We proudly present our first international contest, for which students wrote pieces about imaginary inventions. The jury (Judit Kéri, Anikó Bánhegyesi, Nándor Szűcs, Edit Göröcs, and I) had a difficult time ranking the ten finalists; while we eventually chose winners, we are delighted to publish all ten pieces here. It was an honor to receive entries from the Lycée Sainte-Pulchérie in Istanbul, as well as from many Varga students; we hope to bring the two schools and others together for an online Folyosó event this spring.
For the scenes based on A Midsummer Night’s Dream, students were supposed to start with something in the play and take it in a surprising direction. The scenes published here—Áron Antal’s “Something Even Stranger,” Gréta Tóth’s “A Midsummer Night’s Gestalt,” Gergely Sülye’s “As from a Voyage,” Dorottya Turza’s “The Surprise of the Century,” Dávid Csáki’s “Let Him Roar Again,” Bertalan Szegi’s “Act 1, Scene 1,” and Zsófia Szabina Gávris’s “A Nice Article”—abound with wit, emotion, and surprise.
This is also the first time that we feature writers from Class 9.B (which I teach once a week); I have been impressed with this class’s imagination and look forward to publishing more of their work.

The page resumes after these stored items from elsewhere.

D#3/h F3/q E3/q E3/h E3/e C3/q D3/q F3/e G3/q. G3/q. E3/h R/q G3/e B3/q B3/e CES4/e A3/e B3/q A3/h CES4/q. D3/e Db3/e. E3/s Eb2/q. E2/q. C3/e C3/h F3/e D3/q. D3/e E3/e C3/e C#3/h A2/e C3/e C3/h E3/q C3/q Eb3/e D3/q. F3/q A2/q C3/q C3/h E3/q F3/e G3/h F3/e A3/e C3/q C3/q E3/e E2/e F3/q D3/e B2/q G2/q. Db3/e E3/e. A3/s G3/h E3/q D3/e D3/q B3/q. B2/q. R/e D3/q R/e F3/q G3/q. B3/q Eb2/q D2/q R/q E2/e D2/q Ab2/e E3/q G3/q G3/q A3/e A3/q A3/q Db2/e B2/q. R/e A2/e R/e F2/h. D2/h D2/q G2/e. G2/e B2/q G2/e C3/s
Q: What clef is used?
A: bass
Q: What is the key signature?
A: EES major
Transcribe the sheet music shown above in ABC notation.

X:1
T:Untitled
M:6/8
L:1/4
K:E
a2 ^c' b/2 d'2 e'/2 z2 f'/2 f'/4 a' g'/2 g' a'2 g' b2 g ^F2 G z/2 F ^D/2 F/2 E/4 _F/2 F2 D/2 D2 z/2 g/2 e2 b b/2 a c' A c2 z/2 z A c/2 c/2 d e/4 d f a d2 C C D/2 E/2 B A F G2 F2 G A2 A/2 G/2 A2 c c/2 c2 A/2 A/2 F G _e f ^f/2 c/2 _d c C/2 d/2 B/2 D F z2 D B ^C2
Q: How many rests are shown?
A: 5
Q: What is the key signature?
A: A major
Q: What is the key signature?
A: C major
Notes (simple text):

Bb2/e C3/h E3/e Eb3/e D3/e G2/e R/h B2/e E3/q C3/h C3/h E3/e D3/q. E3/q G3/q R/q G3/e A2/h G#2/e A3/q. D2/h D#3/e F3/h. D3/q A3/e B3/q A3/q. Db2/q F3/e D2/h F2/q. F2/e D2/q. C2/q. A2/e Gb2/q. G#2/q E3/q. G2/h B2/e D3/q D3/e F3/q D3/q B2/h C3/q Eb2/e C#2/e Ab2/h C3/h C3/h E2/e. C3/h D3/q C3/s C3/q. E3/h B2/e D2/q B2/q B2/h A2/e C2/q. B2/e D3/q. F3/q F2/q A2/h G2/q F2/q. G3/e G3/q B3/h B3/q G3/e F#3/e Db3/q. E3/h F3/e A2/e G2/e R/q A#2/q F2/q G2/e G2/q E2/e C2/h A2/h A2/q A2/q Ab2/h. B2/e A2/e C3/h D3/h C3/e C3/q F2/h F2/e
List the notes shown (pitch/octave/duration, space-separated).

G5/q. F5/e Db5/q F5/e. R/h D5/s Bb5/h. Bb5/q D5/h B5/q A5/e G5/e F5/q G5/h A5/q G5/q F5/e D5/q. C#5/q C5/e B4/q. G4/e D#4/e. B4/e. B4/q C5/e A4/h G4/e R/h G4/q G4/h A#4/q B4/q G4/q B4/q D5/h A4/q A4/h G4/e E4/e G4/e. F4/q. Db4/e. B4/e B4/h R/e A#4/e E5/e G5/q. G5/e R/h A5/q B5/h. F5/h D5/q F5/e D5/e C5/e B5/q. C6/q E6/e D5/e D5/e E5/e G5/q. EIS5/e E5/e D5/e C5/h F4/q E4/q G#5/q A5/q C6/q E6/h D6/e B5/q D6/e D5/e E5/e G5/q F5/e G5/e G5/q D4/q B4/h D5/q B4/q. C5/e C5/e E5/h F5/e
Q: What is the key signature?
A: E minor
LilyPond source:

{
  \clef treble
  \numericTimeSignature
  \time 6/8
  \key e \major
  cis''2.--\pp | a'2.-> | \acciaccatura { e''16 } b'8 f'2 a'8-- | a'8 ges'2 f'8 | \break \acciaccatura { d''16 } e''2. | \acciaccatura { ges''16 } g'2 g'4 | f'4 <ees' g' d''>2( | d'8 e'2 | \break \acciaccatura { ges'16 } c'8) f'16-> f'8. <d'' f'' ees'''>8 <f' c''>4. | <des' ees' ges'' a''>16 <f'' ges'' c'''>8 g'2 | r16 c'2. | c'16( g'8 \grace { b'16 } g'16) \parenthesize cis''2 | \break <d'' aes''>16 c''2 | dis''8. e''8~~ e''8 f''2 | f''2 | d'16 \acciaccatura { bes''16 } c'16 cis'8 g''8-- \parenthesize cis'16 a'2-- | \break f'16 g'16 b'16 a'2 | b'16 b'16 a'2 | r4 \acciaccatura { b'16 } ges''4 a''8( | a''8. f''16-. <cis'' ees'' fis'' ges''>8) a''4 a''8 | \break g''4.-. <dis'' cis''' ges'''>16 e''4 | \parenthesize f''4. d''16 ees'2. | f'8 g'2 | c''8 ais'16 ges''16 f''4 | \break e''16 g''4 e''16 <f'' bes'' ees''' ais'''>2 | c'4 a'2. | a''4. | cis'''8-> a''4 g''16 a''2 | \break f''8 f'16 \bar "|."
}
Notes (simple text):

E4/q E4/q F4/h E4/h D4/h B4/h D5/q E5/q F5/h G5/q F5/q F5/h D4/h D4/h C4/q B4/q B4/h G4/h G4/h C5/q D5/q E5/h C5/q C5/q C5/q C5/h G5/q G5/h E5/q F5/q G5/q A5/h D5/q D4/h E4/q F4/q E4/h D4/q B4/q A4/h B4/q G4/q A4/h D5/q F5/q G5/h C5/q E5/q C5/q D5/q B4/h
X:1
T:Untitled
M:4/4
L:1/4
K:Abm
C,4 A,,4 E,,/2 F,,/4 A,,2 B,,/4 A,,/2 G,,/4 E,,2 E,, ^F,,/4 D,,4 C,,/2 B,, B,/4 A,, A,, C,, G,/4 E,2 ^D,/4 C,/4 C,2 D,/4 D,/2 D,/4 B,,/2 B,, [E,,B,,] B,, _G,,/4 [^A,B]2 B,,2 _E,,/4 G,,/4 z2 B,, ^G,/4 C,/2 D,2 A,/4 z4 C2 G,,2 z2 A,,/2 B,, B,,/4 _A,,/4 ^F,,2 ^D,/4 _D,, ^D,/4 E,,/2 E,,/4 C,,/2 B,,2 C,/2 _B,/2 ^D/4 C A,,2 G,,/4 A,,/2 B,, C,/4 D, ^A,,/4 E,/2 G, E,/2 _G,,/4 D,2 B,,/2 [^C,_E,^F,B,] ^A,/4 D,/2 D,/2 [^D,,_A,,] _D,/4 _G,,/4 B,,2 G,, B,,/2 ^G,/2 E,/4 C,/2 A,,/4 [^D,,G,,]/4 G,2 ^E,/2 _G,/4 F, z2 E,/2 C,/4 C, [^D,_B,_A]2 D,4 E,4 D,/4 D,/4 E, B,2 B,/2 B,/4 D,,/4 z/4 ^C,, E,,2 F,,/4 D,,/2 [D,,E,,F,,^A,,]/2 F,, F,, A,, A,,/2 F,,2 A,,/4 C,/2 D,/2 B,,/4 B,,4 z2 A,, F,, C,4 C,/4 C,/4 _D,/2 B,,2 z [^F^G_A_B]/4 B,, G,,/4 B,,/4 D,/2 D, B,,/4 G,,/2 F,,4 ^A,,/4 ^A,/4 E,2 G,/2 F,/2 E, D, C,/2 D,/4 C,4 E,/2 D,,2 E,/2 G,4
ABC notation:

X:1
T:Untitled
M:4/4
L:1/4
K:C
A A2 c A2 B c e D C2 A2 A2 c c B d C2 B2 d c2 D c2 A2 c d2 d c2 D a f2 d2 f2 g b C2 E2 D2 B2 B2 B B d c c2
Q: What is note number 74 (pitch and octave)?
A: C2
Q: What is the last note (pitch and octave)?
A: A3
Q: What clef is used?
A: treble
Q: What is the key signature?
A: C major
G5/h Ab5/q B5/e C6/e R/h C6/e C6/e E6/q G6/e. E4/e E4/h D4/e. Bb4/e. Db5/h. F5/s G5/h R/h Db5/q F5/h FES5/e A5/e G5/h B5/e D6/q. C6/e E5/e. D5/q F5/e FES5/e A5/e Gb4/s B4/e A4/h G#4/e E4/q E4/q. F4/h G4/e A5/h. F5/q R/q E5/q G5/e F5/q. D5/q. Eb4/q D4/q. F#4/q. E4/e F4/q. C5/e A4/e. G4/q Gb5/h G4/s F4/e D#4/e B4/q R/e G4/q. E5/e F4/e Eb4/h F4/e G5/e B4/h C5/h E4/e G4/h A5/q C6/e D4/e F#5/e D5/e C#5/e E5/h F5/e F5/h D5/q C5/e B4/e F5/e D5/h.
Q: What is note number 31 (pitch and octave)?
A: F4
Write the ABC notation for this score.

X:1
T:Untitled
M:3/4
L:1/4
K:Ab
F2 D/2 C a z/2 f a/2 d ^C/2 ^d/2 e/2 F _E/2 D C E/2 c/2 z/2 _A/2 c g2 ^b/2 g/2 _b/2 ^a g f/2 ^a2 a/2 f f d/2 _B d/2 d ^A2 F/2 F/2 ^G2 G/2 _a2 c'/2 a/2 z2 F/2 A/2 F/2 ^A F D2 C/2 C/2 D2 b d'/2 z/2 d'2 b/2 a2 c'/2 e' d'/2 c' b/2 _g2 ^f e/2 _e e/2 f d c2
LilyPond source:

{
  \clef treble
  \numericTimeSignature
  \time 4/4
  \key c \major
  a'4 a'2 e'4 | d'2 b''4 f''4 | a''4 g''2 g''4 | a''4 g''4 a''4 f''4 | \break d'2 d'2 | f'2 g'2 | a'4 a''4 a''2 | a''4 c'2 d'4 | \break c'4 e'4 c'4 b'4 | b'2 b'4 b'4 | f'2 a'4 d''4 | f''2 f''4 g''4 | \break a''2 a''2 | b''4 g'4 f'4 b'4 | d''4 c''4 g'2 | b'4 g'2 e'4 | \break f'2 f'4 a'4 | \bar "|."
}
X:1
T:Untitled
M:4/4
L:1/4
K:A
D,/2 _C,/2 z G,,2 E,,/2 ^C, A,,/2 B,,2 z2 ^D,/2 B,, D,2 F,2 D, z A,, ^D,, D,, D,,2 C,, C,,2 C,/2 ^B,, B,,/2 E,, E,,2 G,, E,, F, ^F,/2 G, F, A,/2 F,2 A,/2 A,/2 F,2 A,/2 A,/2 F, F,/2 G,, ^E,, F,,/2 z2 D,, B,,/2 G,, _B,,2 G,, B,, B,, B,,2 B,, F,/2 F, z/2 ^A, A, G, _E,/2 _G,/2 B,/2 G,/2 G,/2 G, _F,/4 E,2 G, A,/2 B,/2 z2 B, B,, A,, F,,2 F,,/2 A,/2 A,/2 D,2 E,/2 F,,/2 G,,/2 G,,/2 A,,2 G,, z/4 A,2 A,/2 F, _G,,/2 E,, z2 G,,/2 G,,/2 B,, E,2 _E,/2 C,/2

The winter issue does not include any writings from the Orwell project, but we may publish a few of them in the spring. For this project, Varga students joined with a class of tenth-graders at Columbia Secondary School to read and discuss Orwell’s Nineteen Eighty-Four. It was a great experience; you can read much more about it on the project website.
Some of the pieces in this issue grapple with difficult problems: isolation, introspection, death and grief, political vanity, and disillusionment; others delight in books, friendship, everyday mishaps and mistakes, and visions of the future. The issue’s overall spirit brings to mind William Blake’s “Auguries of Innocence“: not just the famous lines
It is right it should be so
Man was made for Joy & Woe
And when this we rightly know
Thro the World we safely go
but much more. In this issue you will find a procession of experience, thoughts, questions: from Szabina Tamara Da Cunha Carvalho’s essay “The Problem with BLM Movements in Hungary” to Hunor Gangel’s “From Late to Early”; from Gergely Sülye’s “Transformation” to Lili Forgács’s “The Truth”; from Sándor Tor’s “Is This the Future?” to Zsófia Vona’s “A Dream Come True”; from Sándor Szakács’s “Challenging Times” to Adél Mihályi’s “Personalities”; from Bettina Czékus’s “Arbya” to Eszter Aletta Hevesi’s “The Story of Gen E”; from Tamás Takács’s “Michael the Caterpillar” to Botond Vass’s “The Shelter.”